Scammers Steal Over $400,000 Via Fake Uniswap Google Ads

Tech

Scammers Steal Over $400,000 Via Fake Uniswap Google Ads

• Scammers have stolen at least $400,000 by promoting fake Uniswap sites through Google sponsored ads.
• Google Search phishing attacks have surged since March, with attackers often buying or compromising ads.
• This signals ongoing DeFi interfaces risks as phishing attacks targeting popular protocols intensify.

Scammers have stolen at least $400,000 through fake Uniswap Google Ads.
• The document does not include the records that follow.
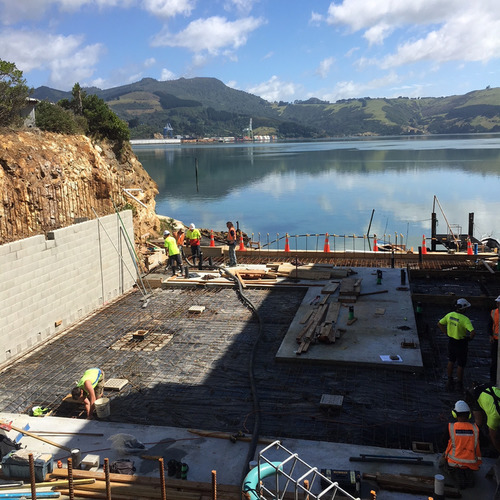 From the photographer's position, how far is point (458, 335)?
860 cm

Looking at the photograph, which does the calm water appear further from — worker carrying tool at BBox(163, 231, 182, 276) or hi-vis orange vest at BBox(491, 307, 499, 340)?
hi-vis orange vest at BBox(491, 307, 499, 340)

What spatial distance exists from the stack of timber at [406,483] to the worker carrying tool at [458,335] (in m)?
2.91

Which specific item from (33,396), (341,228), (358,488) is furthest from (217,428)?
(341,228)

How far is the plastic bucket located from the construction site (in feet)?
0.08

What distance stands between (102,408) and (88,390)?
1.27 ft

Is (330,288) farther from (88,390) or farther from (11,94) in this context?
(11,94)

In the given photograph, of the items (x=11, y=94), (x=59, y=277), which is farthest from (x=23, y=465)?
(x=11, y=94)

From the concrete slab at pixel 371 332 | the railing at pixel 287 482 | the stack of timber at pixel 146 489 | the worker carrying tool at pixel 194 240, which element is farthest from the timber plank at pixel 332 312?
the stack of timber at pixel 146 489

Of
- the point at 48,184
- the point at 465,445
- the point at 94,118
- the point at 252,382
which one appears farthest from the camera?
the point at 94,118

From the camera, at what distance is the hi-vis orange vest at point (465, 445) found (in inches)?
237

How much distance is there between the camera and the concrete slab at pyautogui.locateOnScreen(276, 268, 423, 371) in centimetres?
1016

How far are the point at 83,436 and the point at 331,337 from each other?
5.45 meters

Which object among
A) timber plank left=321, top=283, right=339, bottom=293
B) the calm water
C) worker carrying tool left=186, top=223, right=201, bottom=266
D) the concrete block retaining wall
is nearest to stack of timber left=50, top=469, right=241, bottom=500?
the concrete block retaining wall

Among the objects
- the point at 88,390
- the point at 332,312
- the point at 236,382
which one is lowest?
the point at 236,382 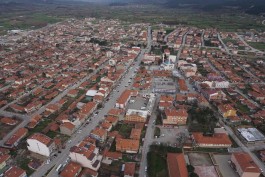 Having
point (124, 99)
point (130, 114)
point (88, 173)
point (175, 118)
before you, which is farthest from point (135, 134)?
point (124, 99)

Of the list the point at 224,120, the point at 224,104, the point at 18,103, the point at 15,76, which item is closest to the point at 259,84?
the point at 224,104

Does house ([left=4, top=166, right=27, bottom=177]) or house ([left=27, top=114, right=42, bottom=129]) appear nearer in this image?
house ([left=4, top=166, right=27, bottom=177])

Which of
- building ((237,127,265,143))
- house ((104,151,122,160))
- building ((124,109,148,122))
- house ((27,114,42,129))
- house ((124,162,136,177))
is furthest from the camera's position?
building ((124,109,148,122))

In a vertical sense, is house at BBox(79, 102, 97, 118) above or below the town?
above

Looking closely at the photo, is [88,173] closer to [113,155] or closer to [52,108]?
[113,155]

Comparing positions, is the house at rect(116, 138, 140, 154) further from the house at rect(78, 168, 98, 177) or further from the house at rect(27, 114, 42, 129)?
the house at rect(27, 114, 42, 129)

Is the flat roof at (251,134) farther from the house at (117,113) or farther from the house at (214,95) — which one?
the house at (117,113)

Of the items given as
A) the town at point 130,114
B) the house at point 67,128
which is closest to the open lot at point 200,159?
the town at point 130,114

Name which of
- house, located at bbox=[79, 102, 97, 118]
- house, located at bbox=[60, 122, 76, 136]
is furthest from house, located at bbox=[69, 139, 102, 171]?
house, located at bbox=[79, 102, 97, 118] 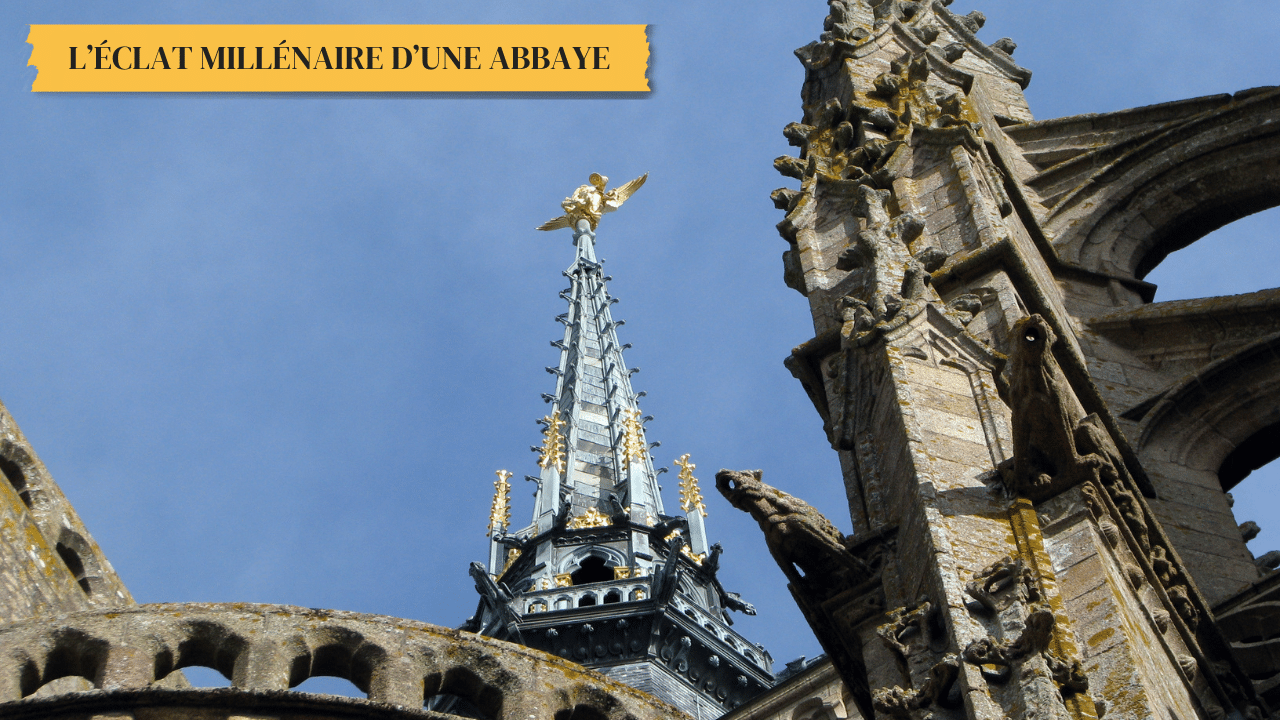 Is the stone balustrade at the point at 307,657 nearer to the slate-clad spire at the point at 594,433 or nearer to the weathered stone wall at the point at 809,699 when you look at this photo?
the weathered stone wall at the point at 809,699

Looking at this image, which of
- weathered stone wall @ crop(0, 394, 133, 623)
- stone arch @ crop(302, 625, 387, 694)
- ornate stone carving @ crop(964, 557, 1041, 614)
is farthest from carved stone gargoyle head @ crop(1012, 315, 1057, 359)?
weathered stone wall @ crop(0, 394, 133, 623)

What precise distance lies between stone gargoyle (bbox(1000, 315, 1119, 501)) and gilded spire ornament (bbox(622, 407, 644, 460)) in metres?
30.2

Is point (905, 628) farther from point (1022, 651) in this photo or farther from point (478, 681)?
point (478, 681)

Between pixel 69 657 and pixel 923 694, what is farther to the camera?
→ pixel 69 657

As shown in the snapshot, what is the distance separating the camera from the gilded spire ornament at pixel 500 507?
35.2m

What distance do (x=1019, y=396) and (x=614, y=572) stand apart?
85.2 feet

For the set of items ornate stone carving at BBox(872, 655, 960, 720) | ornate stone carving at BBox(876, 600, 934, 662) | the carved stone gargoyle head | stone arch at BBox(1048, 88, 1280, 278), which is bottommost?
ornate stone carving at BBox(872, 655, 960, 720)

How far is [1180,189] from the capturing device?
12008mm

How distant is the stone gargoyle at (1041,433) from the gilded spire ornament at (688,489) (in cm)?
2907

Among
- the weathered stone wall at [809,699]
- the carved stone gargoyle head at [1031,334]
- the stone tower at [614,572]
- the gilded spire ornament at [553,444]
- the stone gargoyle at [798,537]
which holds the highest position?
the gilded spire ornament at [553,444]

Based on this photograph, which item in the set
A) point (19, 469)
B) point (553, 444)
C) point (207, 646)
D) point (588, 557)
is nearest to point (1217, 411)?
point (207, 646)

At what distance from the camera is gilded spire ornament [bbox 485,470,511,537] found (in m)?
35.2

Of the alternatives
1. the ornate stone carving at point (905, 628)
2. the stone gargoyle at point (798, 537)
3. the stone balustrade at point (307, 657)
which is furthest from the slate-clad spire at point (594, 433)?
the ornate stone carving at point (905, 628)

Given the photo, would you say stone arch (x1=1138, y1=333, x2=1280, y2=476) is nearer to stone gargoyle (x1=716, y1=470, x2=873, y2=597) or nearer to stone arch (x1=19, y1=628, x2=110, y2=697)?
stone gargoyle (x1=716, y1=470, x2=873, y2=597)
The stolen funds reportedly came from users who were redirected to phishing sites impersonating Uniswap after clicking sponsored Google ads.

On May 25, 2026, on-chain analyst b-block issued a community warning that scammers were actively draining funds through a phishing website impersonating Uniswap. The attackers had stolen over $400,000, including at least 146.6 Ethereum (ETH), as well as other tokens and cross-chain assets. The stolen funds were traced to two addresses, including:

• 0x37925684BA178821b4436E06e67f5dBD6cfA49Bb
• 0x2fC25F46cC49D226eF92E9A7665f3d2821F3c5E2

Meanwhile, the Security Alliance (SEAL) previously said Google Search phishing campaigns have risen sharply since March, with attackers often buying ads or compromising legitimate ad accounts to impersonate popular crypto protocols.

How Fake Uniswap Google Ads Enabled the Phishing Scam

Notably, the scammers purchased sponsored ad placements on Google that appeared at the top of search results for “Uniswap.” When users clicked these ads, they were directed to counterfeit websites that closely impersonated the legitimate Uniswap interface.

The fake sites tricked users into connecting their crypto wallets and approving transactions. Behind the scenes, these approvals triggered malicious drainer contracts that transferred funds directly to the attackers.

Whats the Impact on DeFi User Trust and Security？

This incident highlights growing concerns around DeFi user trust and security. Users now view even major DeFi platforms as vulnerable to discovery-layer exploits, accelerating distrust in centralized discovery tools and prompting many to favor Centralized Exchanges (CEXs) over self-custodial solutions.

From a security perspective, the incident underscores a critical evolution in threat vectors, from on-chain exploits to off-chain interface attacks. Wallet drainers that leverage social engineering through paid search results expose the fragility of user-facing entry points. Even with secure underlying protocols, irreversible transaction approvals continue to represent the highest risk surface, demanding heightened user vigilance and improved wallet-level safeguards.

Looking ahead, this could accelerate adoption of domain authentication tools, browser extensions with real-time artificial intelligence (AI) scam detection, and greater industry pressure on ad platforms for rigorous vetting. Projects will prioritize direct onboarding channels and education campaigns, while decentralized discovery mechanisms gain traction. However, sustained attacks may persist until search giants implement crypto-specific controls, keeping onboarding friction elevated and institutional trust recovery gradual.